Combined oral contraceptives should be prescribed with caution to patients with diabetes mellitus.

Women predisposed to skin pigmentation should avoid direct sunlight and ultraviolet radiation from other sources while taking combined oral contraceptives.

The patient should be informed that Marvelon does not protect against HIV infection (AIDS) and other sexually transmitted diseases.

While taking Marvelon, irregular bleeding may occur (minor discharge or sudden bleeding that does not coincide with menstruation). Any bleeding can be regarded as clinically significant only after an adaptation period lasting three menstrual cycles.

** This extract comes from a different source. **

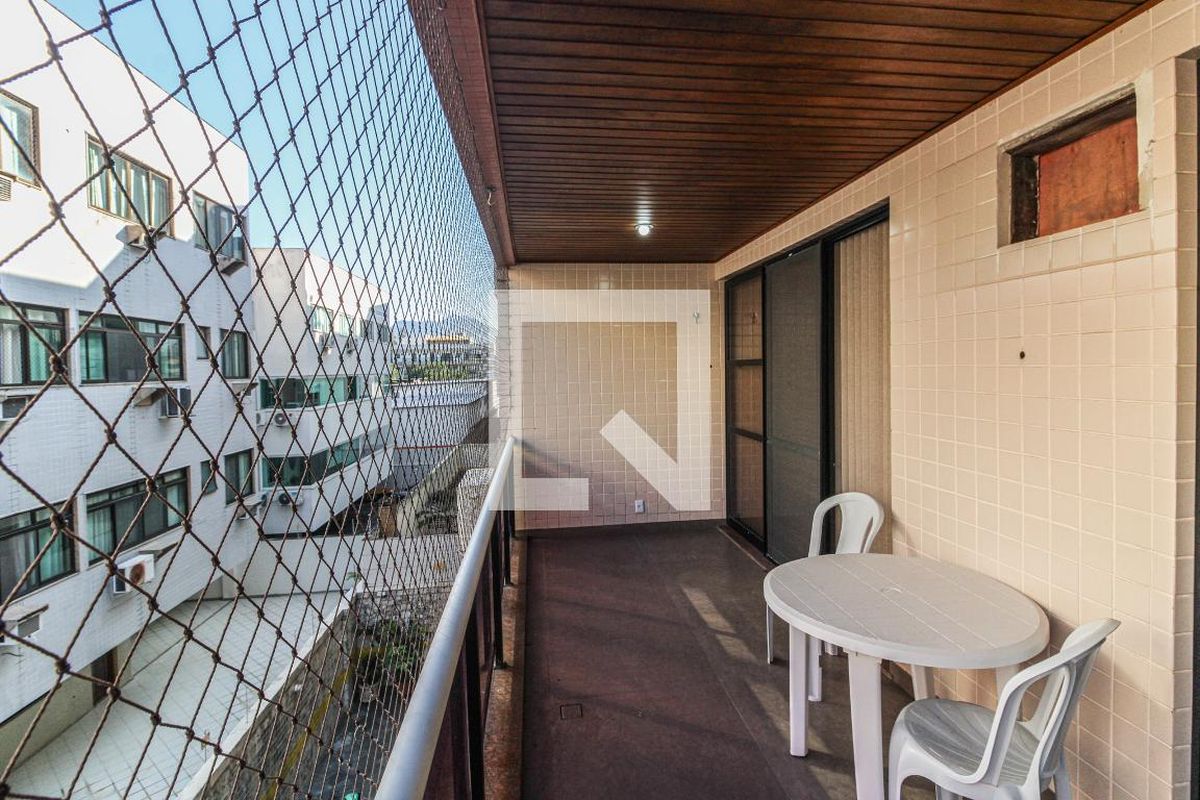 Apartamento, 3 quartos, 82 m² - Foto 18
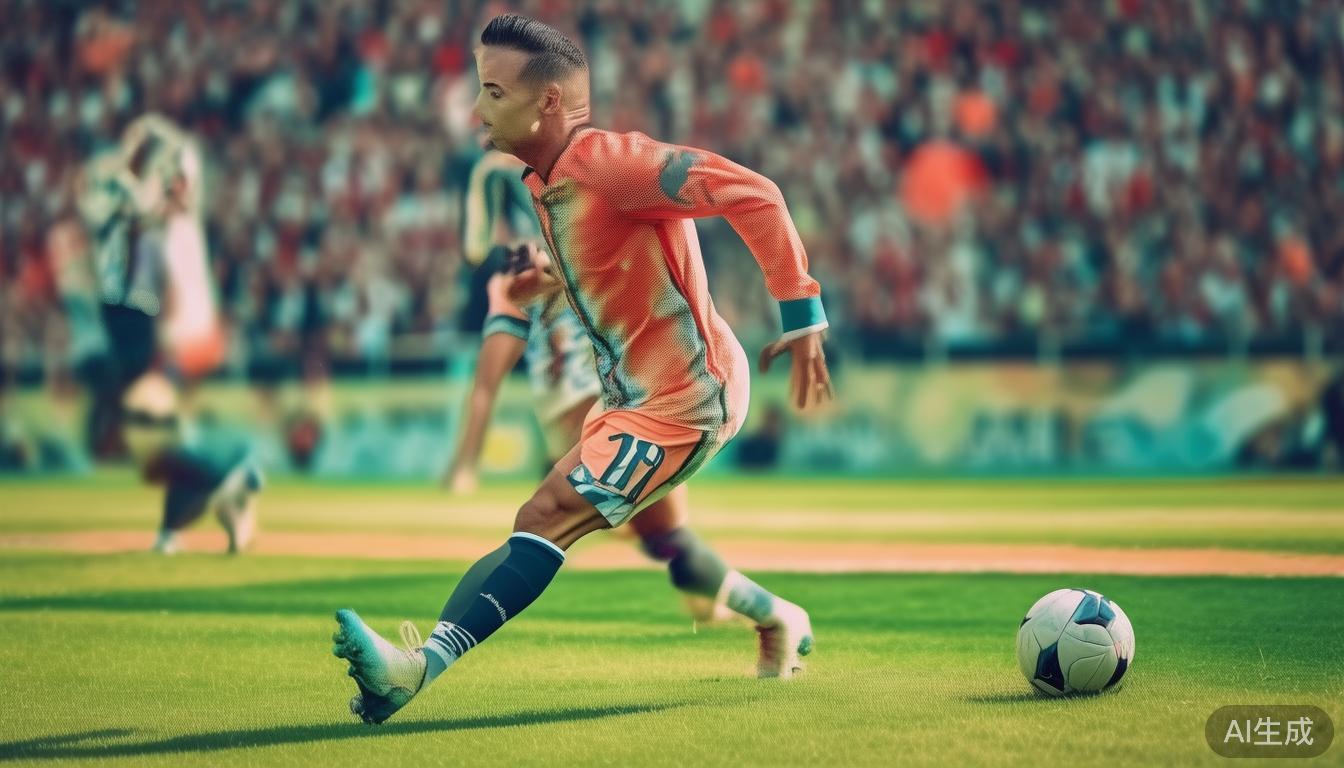 c罗tiktok账号是多少缩略图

Some women do not experience bleeding during a break in taking Marvelon. If the Marvelon dosage regimen is followed, then pregnancy is unlikely. If the recommended dosage regimen is violated and there is no bleeding from discontinuation of the drug, or if there is no bleeding 2 times in a row, pregnancy should be excluded before resuming taking Marvelon.

When taking medications with which Marvelon interacts with drugs for a short period, you should temporarily use a barrier contraception method in addition to hormonal contraception throughout the entire treatment period and for 7 days after discontinuation of the drug. When taking rifampicin, a barrier contraception method should be used in addition to taking Marvelon throughout the entire course of treatment and for 28 days after discontinuation of rifampicin.

If the course of treatment with these drugs ends later than the current package of Marvelon, then you should start taking the drug from the next package without the usual break in taking it.

In case of long-term use of drugs that cause the induction of microsomal liver enzymes, it is recommended to increase the dose of oral contraceptive. If increasing the contraceptive dose is not desirable, or if they do not achieve satisfactory and reliable results, for example in the case of irregular bleeding, other methods of contraception should be used.

It is recommended to stop taking Marvelon for elective surgery at least 4 weeks before surgery and not to start taking it until 2 weeks after full functional recovery.

Impact on the ability to drive vehicles and operate machinery

There was no effect of the drug Marvelon on the ability to drive vehicles or operate machinery.